Harry just grinned, tugging Draco easily along with him. “Come on. It isn’t scary at all, I promise,” he coaxed. “It goes really slow, plus the view is great. Just give it a chance.”

“Why should I?” Draco challenged.

Harry chuckled, gently cupping Draco’s chin and tilting his head down to press their lips together. He felt Draco melt against him and smiled into the kiss, teasing Draco by darting out his tongue to lick at the seam of his lips and pulling away abruptly before Draco could react.

“That’s not fair,” Draco protested, but Harry was already pulling him onto the ride, grinning mischievously, knowing full well that although Draco complained, he would indulge Harry anyway.

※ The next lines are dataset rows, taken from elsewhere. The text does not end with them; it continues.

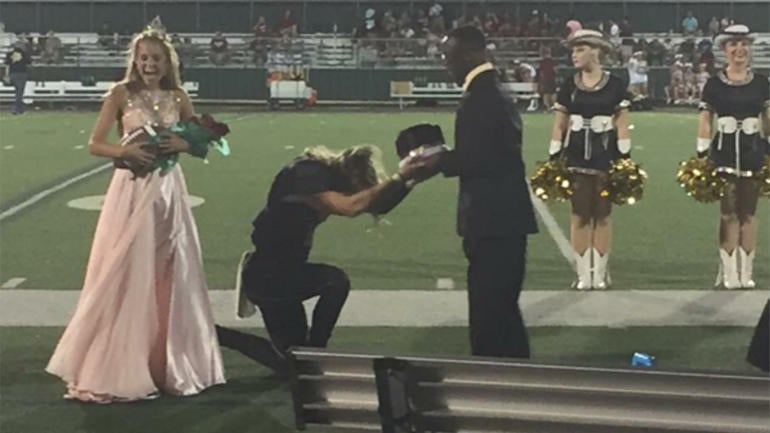 LOOK: High school QB gives homecoming king crown to friend with cerebral palsy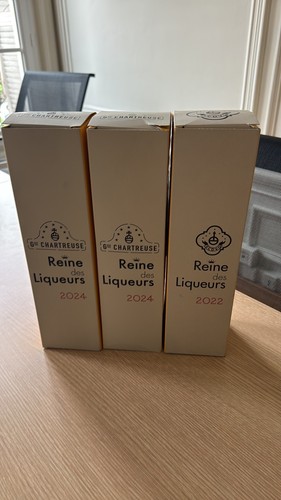 Chartreuse reines des liqueurs - reines,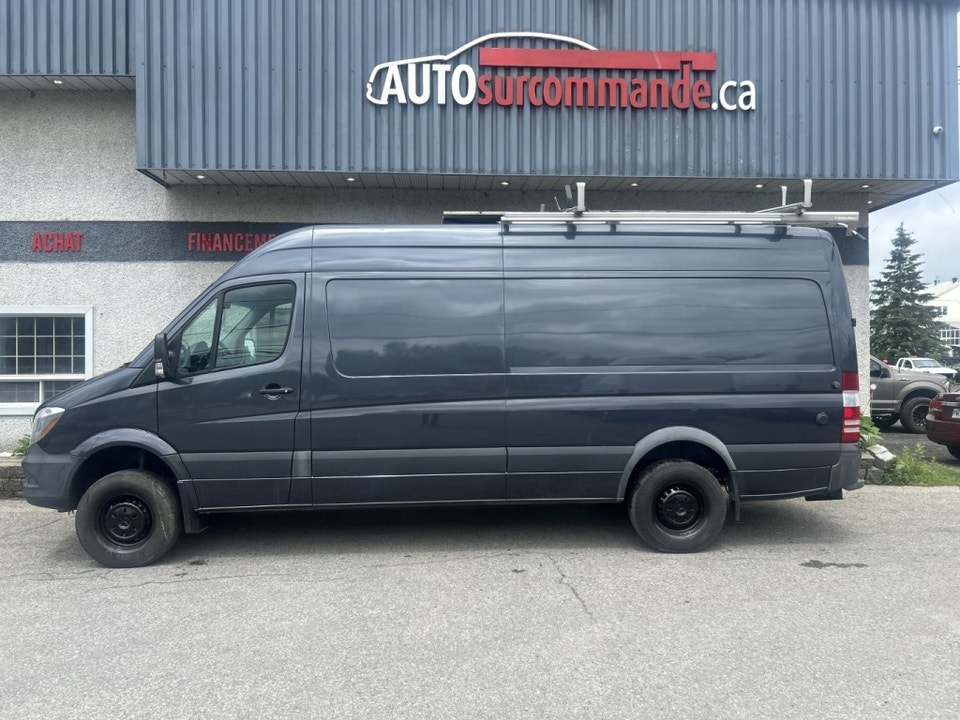 Mercedes-Benz Sprinter Van 2017 photo 2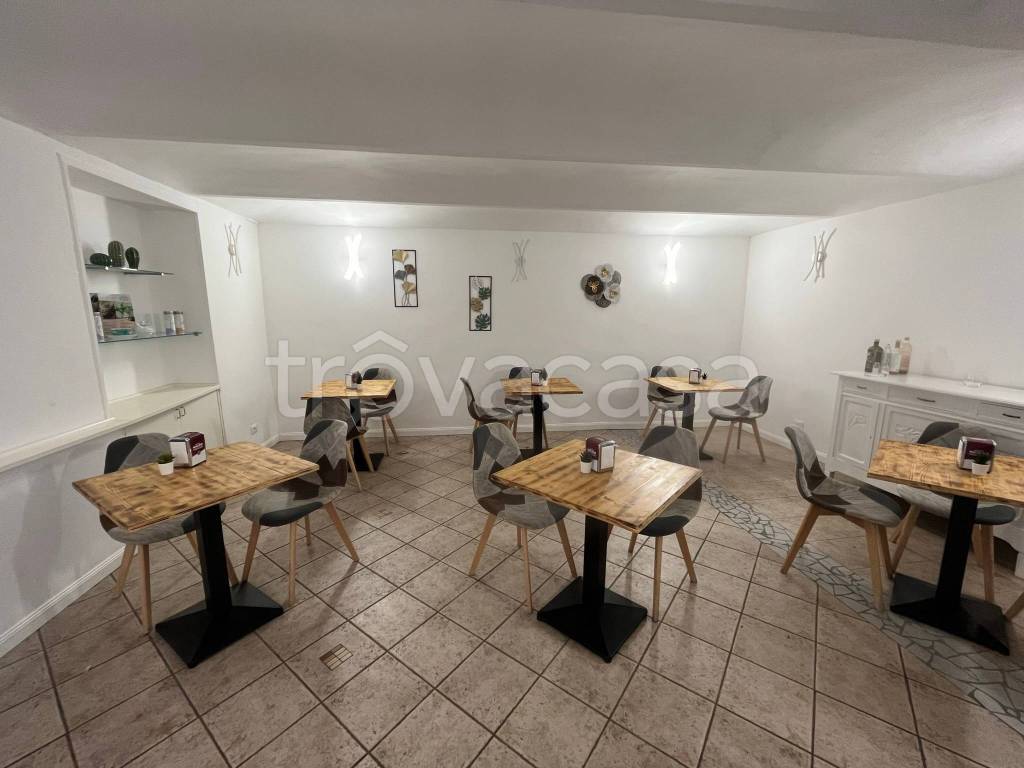 negozio in vendita a Chieri in zona Canarone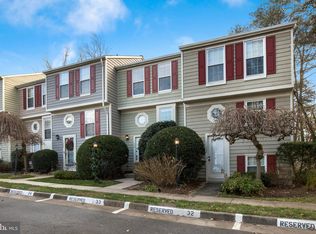 11926 Fieldthorn Ct, Reston, VA 20194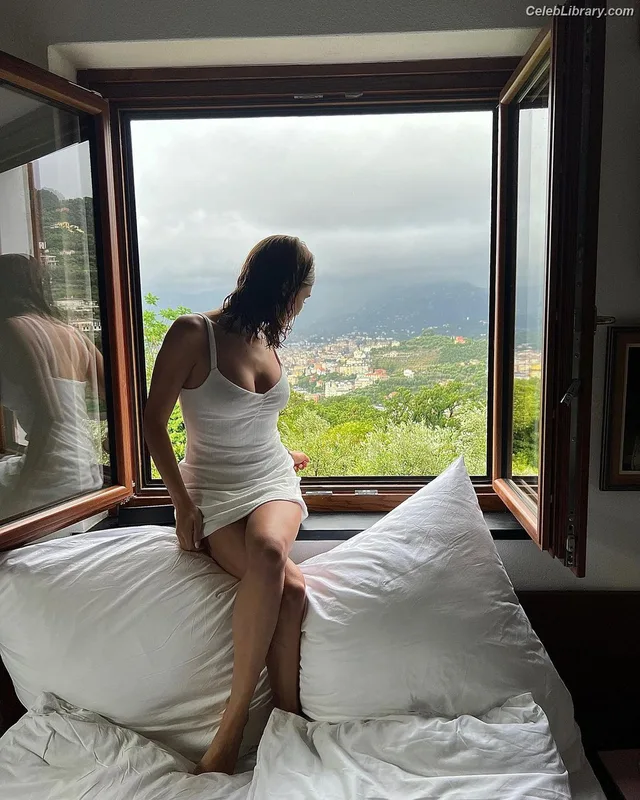 Olivia Jade photo 13 of 94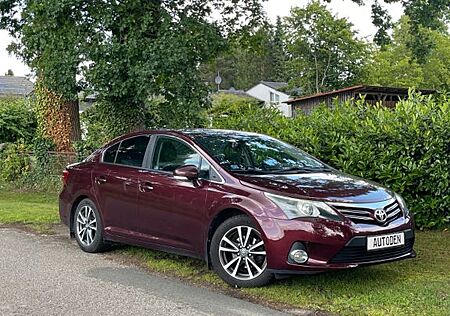 Toyota Avensis Benzin/Gas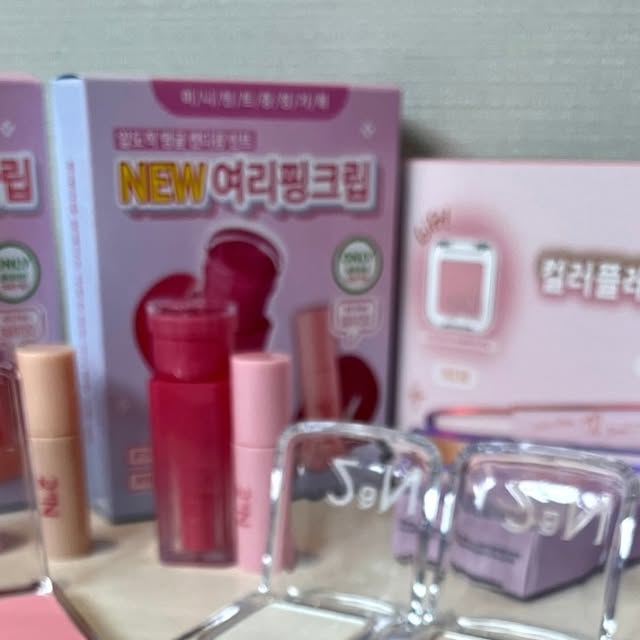🐕멍냥맛집모험🐈 [ 서울맛집 | 인천맛집 ] on Instagram: "#광고 8월에 올리브영 기획으로 출시된 2aN(투에이엔) 제품들!
가격도 부담 없고 기획세트 구성도 알차서 매장 가자마자 골고루 담아왔어요 🙌

역시 색감맛집 투에이엔답게, 발색 하나하나가 너무 예뻐서 요즘 데일리 메이크업은 전부 투에이엔으로만 하고 있을 정도예요ㅎㅎ
올영픽 추천템으로 선정된 이유가 확실히 있더라구요. 완성도 높은 조합이라 만족도 최고!

💄 글레이즈 바운싱 틴트
15 피치 버블: 은은한 피치빛이 데일리템으로 딱! 촉촉하면서 탱글한 광택이 매력적이에요.
16 슈가 버블: 달콤한 슈가 핑크빛으로 과즙미 뿜뿜 🍑 여리여리한 메이크업에 찰떡.

🍑 듀얼 치크
06 핑크 페탈: 투명하게 맑은 핑크라서 얼굴 전체가 환해 보이는 느낌. 소프트 블러 효과 최고.
17 버블 하트: 톡톡 튀는 러블리 무드! 주홍빛이 은근 모든 톤에 잘 어울려서 활용도 높아요.

✨ 퓨어 글래시 하이라이터
WHO1 프로스티: 시원한 실버펄이라 여름 메이크업에 청량한 포인트 줄 때 딱.
IV01 슈가 베일: 슈가 파우더 뿌린 듯 은은한 반짝임, 어떤 베이스에도 자연스럽게 어울려요.

🎨 컬러 플레이 듀얼라이너
05 팝핑 베리: 눈꼬리에 포인트 주면 생기 업! 강렬한 베리빛으로 개성 있는 메이크업 완성.
02 베베 핑크: 여리여리한 핑크톤, 데일리 라이너로 은근 손이 자주 가는 컬러.
04 로지 캔디: 로맨틱한 코랄빛이라 무난하면서도 분위기 있는 눈매 연출 가능.

🪞 롱 웨어링 파운데이션 미니
20 복숭아: 피치빛 보정으로 생기 있는 피부 표현 가능! 들뜸 없이 밀착돼서 여름철에도 무난하게 쓰기 좋아요.

👉 이번 조합은 여름철 데일리템 찾는 분들께 강추!
오프라인 매장에서 꼭 테스트해보고 구매 추천드려요 💕

@2an_official

�💚 다른 투에이엔 제품 보기💚
https://bit.ly/3YYFX8Q

 #올영픽 #올리브영추천템 #올영필수템 #러브버블컬렉션 #롱웨어링파운데이션미니 #컬러플레이듀얼라이너"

Sure enough, Harry managed to get him into a carriage with minimal protests, bringing the safety bar down over their laps and laughing when Draco muttered something about feeling like a caged animal. The ride slowly started up, whirring to life with a soft hum, and Draco automatically clutched Harry’s arm a little tighter. Harry wrapped an arm around him and grinned.

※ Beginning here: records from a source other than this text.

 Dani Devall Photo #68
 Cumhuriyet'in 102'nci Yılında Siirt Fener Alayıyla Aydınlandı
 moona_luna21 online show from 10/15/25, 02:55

“Scared, Malfoy?” Harry asked, quirking an eyebrow.

Draco clearly was, but he tilted his chin upwards defiantly. “You wish,” he smirked, just as the wheel gave a short lurch. Draco jumped and subconsciously leaned further into Harry, who held him tighter to reassure him.

Eventually, Draco relaxed slightly and turned his attention to the view laid out before them.

“Worth it?” Harry asked, a teasing note to his voice.

Draco sniffed, acting unimpressed. “It’s alright.” He turned towards Harry. “Nothing compared to what I’m looking at now.”

Harry laughed, although he couldn’t help the heat that rushed to his cheeks at the comment. “Now who’s sprouting Hufflepuff-worthy lines?”

“Shut up,” Draco scoffed.

Harry laughed again, opening his mouth to mock him further, but Draco hurriedly cut him off by grabbing Harry’s shirt and tugging him forward, crushing their mouths together. Harry sighed contentedly as Draco’s lips moved against his and cupped Draco’s face tenderly in his hands.

“You doing that out of the kindness of your heart, or just to shut me up?” Harry asked when they parted.

“I’ve found that snogging is an excellent method to keep people quiet,” Draco responded, and when he sensed Harry was about to protest, he pulled him in for another kiss. By now, Harry already knew that he was being forcefully shut up, but he found that he didn’t care in the slightest.

The ride suddenly lurched to a halt and they pulled away with a start. Harry glanced down and realised that they were at the very top of the Ferris wheel, which, for some unknown reason, had completely stopped moving.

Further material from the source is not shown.